Radio operators hone their readiness to communicate during emergencies

JACKSONVILLE, Fla. – During emergencies like hurricanes or other natural disasters, many times, the first things you lose is electricity and the power to communicate. That's when amateur radio operators can become lifesavers during search and rescue missions when communication is key.

The annual American Radio Relay League Field Day was held Saturday at the Hogan Baptist Ball Field in Duval County, where amateur radio operators got together to hone their craft.

John  Reynolds is an amateur radio operator who communicates as W4IJJ, which is a call sign issued by the Federal Communications Commission.

That call sign was his late father's, and Reynolds applied for it after his dad passed away.

He said they shared a love for radios.

That love is also shared by many people throughout the county, state and country.

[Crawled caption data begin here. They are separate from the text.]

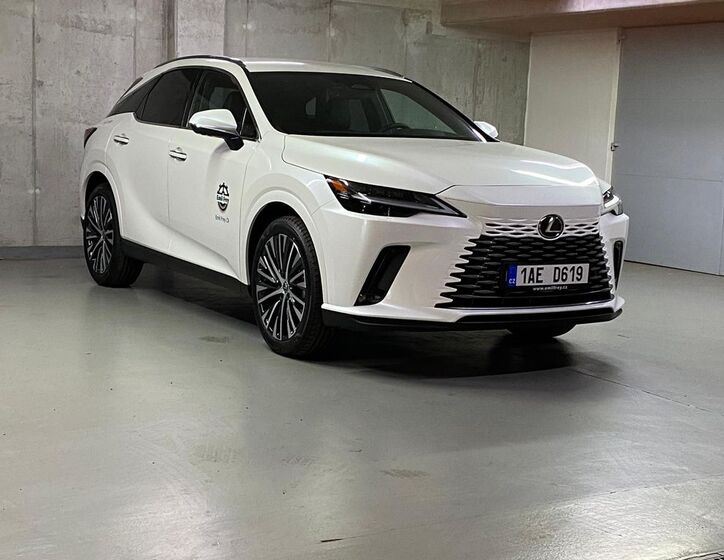 Lexus RX 350 3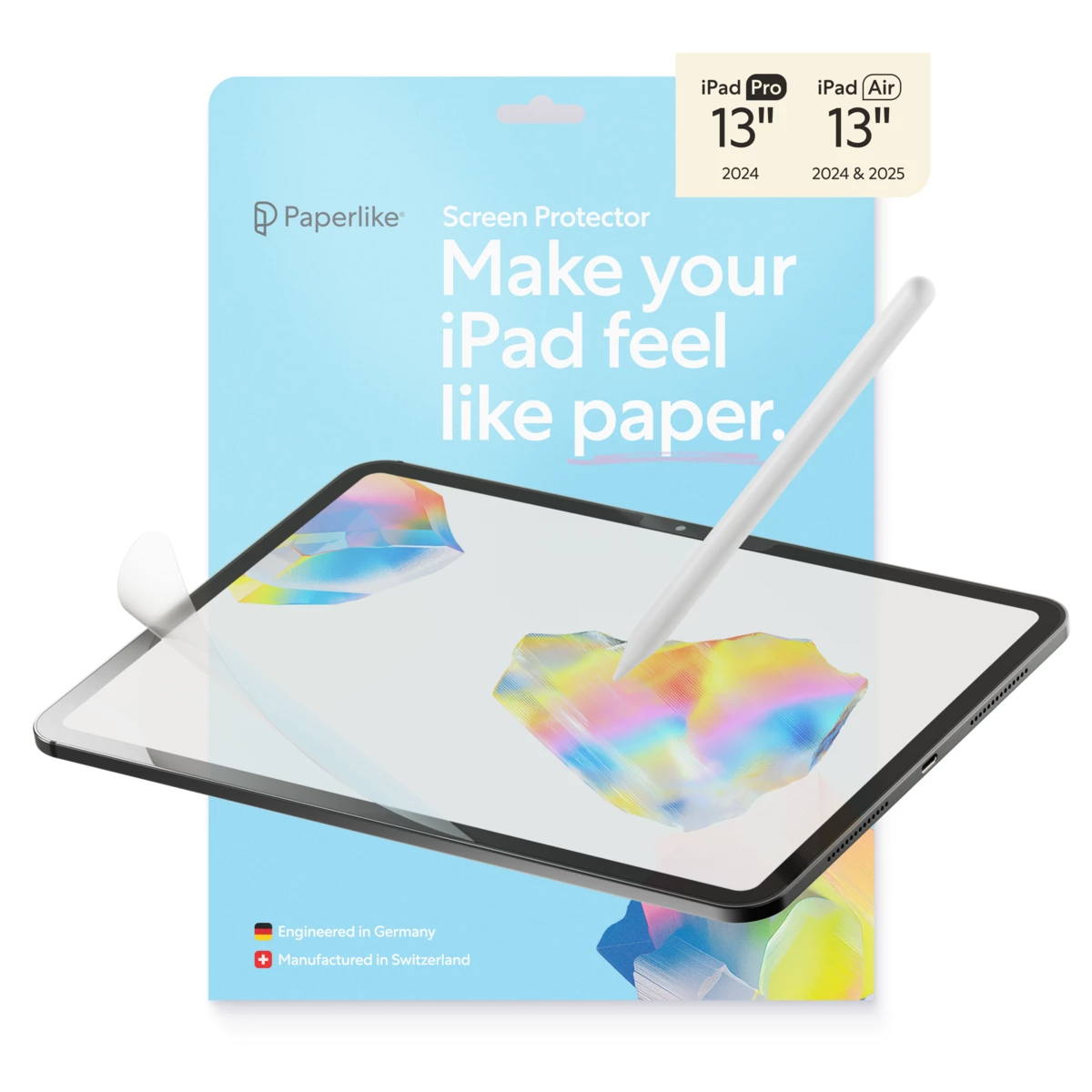 Paperlike 3 iPad Pro 11 | Touch Store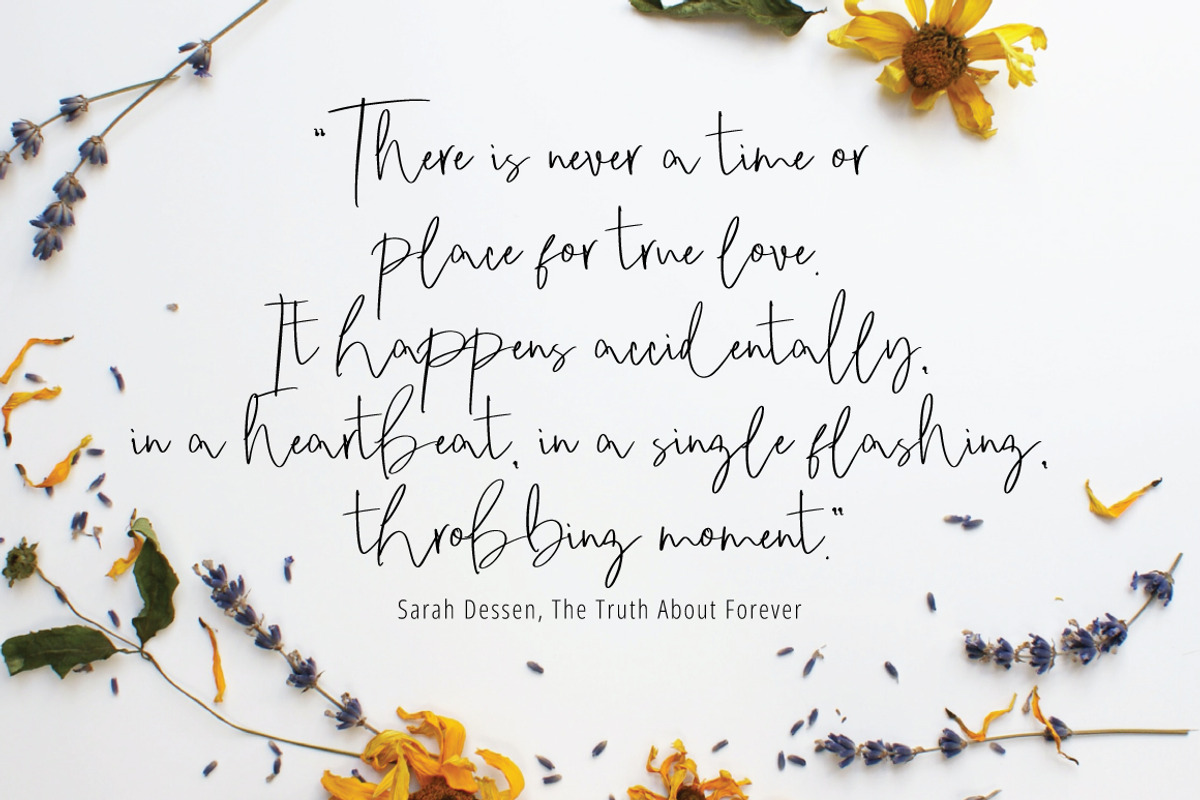 Gahime Signature, a Handwritten Font by Eltypesstudio (Photo 4 of 9)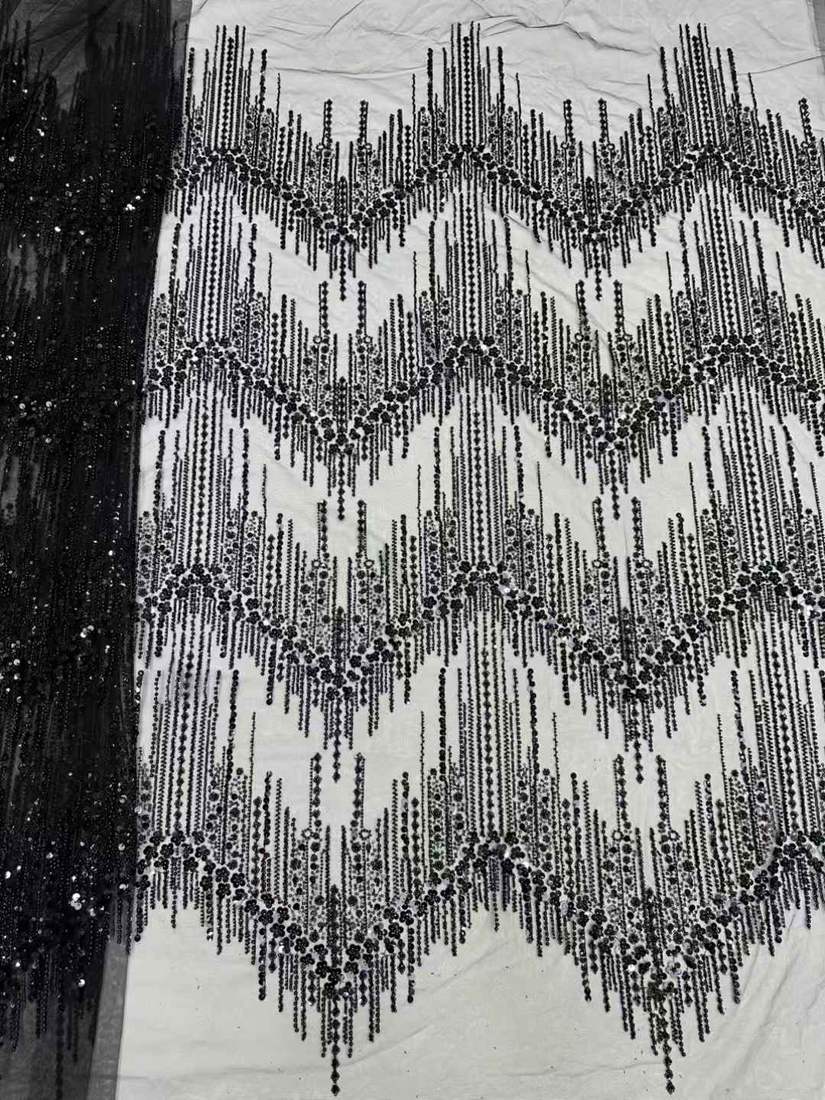 Beaded Lace — SZ1139 — عرض 5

"My personal goal is to talk to people in all 50 states in 24 hours," said amateur radio operator Todd Lovelace.  

While that's his goal, he said he keeps in mind the importance of the job amateur radio operators do.

"The purpose here is to get out and practice with our equipment to make sure we know how to set it up properly and we can use it properly in adverse conditions. (It's) hot, rainy, miserable (out here) because that is how it is after an emergency," Lovelace said.  
 
A 24-foot antenna can be assembled in a matter of minutes with just a screwdriver and wrench.  
 
"I can talk around the world from this pavilion right here. It never ceases to amaze me that I can talk around the world with a piece of wire," Lovelace said.

The annual drill has been going on since the 1950s to ensure backup radio communications work properly during emergencies.

"I have seen what happens after a storm. You always lose cellphone, public radio, telephone, FM/AM, everything will be gone, so somebody has to provide communications. That is the No. 1 resource needed by ER (emergency room) managers," said Lovelace.  

He should know. He helped out during Hurricane Michael last year.

"I spent six days in Marianna, Florida, providing communications to (an) emergency room center," Lovelace said. "Amateur radio equipment is totally independent of any infrastructure. We don’t need wireless, cable, electricity from the utility company, (and) we don’t need a landline."  

That's because the radios are powered by portable generators and solar panels. 

The group that gathered is known as the North Florida Amateur Radio Society or NOFARS for short.